This is a 2-part series on a workshop that I’ve attended at Singapore Rise and Shine Expo, by Dr Peter Sears. Last year, I attended his father, Dr Bill Sears, at the same expo on raising healthy child and attachment parenting. This year, Dr Peter Sears’ talk focuses on raising smart and well-behaved child, two aspects that most parents are concerned with.
More on Rise and Shine Expo:
Rise and Shine Expo, an informative expo to raise happy and healthy children, was held in Singapore from 22-24 Aug 2014. Workshops were conducted by health and parenting experts and the one I attended was by Dr Peter Sears, ‘Raising smart and ALSO well-behaved child – Is it true that we shouldn’t spare the rod and spoil the child?’
More on Dr Peter Sears:
Dr. Peter Sears is board-certified by The American Academy of Family Practitioners. His primary passion in medicine is to promote well-being and health through the practice of preventive medicine at all ages along with using traditional and complementary treatments for curing of disease. He is also the co-author of two books, with his Dr Sears family on LEAN (see more here on previous interview with Dr Sears LEAN team).

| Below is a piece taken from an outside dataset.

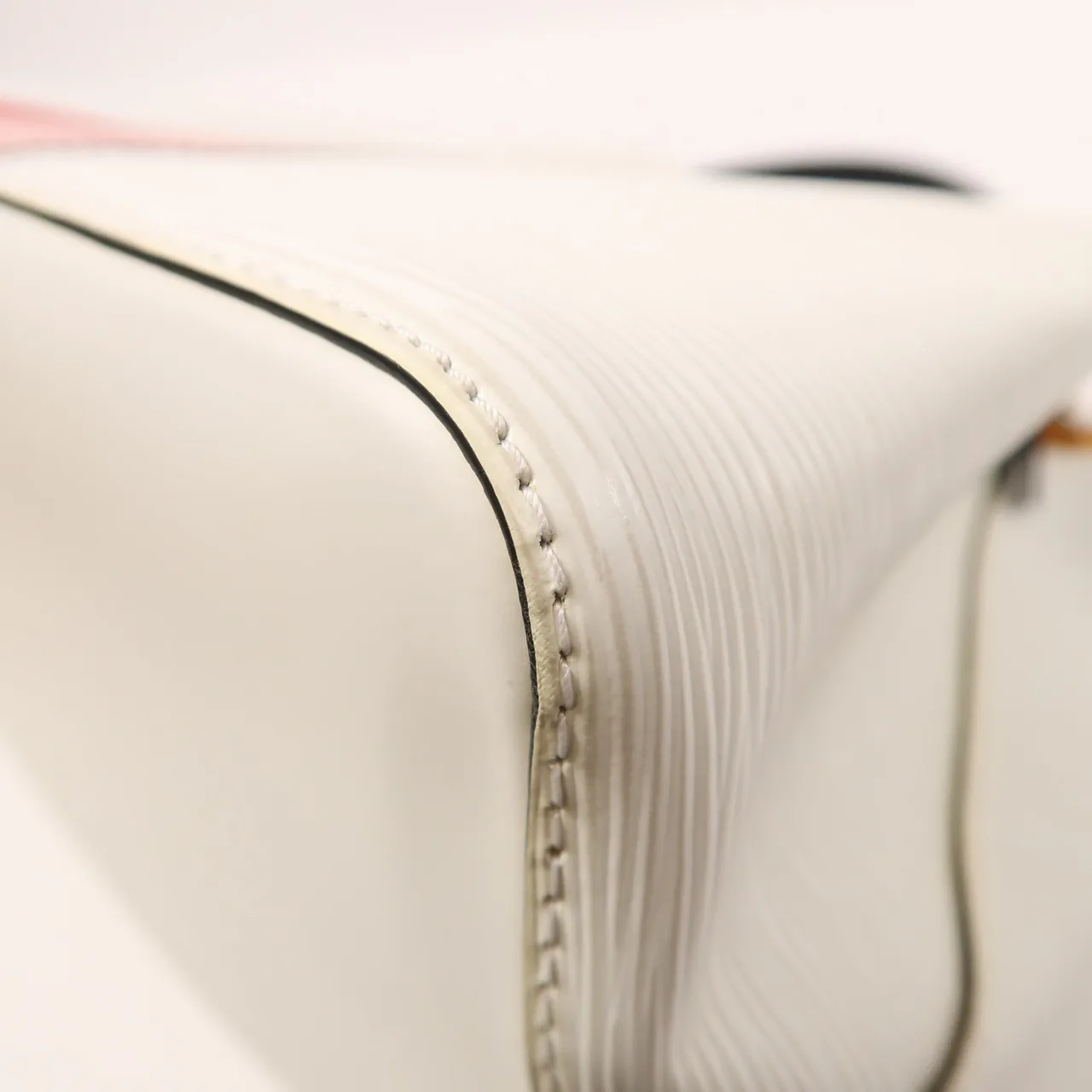 LOUIS VUITTON NeoNoe M52163 兩用包 皮革 白色 / White 皮革 中古品A - 縮圖 12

Which Parenting Style works Best?
Dr Peter Sears started the talk reminding parents that no one technique will work for every child, but instead he believes that forming a trusting bond with the child is the foundation for parenting. Dr Sears (family) believe in attachment parenting, which is being responsive and close to the baby especially in the first six months of birth. It is the natural way to parent because it is nurturing the baby according to the mother’s instinct.

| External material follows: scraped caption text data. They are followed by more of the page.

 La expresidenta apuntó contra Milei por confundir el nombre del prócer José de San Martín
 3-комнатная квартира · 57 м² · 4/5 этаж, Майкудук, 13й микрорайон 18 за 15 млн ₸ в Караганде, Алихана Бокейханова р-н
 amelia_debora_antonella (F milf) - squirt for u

More on attachment parenting, the 7 Bs in Dr Bill Sears’ talk last year
- Birth bonding
- Baby wearing
- Bed Sharing
- Believe Baby’s Cries
- Beware of Baby Trainers
With attachment parenting as the foundation to build trust between parent and child, Dr Sears observed in their family practice that it will lead to the following desirable C Outcomes in kids:
- Caring kids
- Comfortable with intimacy
- Confident kids
- Confident parents
Pros and Cons in Parenting Styles
Dr Peter Sears shared about differences in two main parenting styles below:
Authoritarian Style – This parenting style tends towards a command and control approach with a focus on wrong-doing and punishment. Spanking is often part of this parenting style. The positives of this style is that it is very clear to the child that the parent is in-charge and the child needs to obey. The parent being in-charge is important as a growing child needs guidance, direction and security.
The negative of this style is the potential pitfall of taking love from the parent-child relationship and inadequate positive reinforcements for the child. There is also a danger of the child engaging in the desired behavior out of fear, instead of out of respect. Moreover, the desired behavior does not come from self (child) who is able to think through the consequences and exercise inner control.
Permissive Style – This parenting style is characterized with warmth and affection, but with few or unclear limits. While it is good that there is much positive reinforcement given to the child, the negative is that the child takes control.
Authoritative Style – A more balanced parenting approach is to combine the positives of the above two styles, which gives the child love and warmth with structure. While this parenting style allows the child to thrive the best, it also requires more dedication, responsibility and creativity from parents. (It takes MORE work!) An authoritative parenting style fosters competence and mature moral judgment in the child, lowering the risk for problem behavior.
Is Spanking OK?
Dr Peter Sears explained that cultural and society settings affect whether spanking is involved in parenting. For instance, many European countries, Canada and New Zealand have legislation prohibiting spanking. This comes from studies that spanking has adverse effects that are associated with anti-social behavior, decreased rate of school performance and more behavioral and mental issues (for instance, depression and bi-polar).
Spanking may also send the wrong message that physical force is the way to resolve conflicts or issues. It is also very easy for parents to cross the line as physical force may be used when parents are stressed or a stronger force may hurt the child.
Dr Peter Sears provided alternatives to spanking, such as time-outs and explaining the consequences of misbehavior. Parents can engage in re-wind/ replay scenarios with the child to guide the child towards right behavior.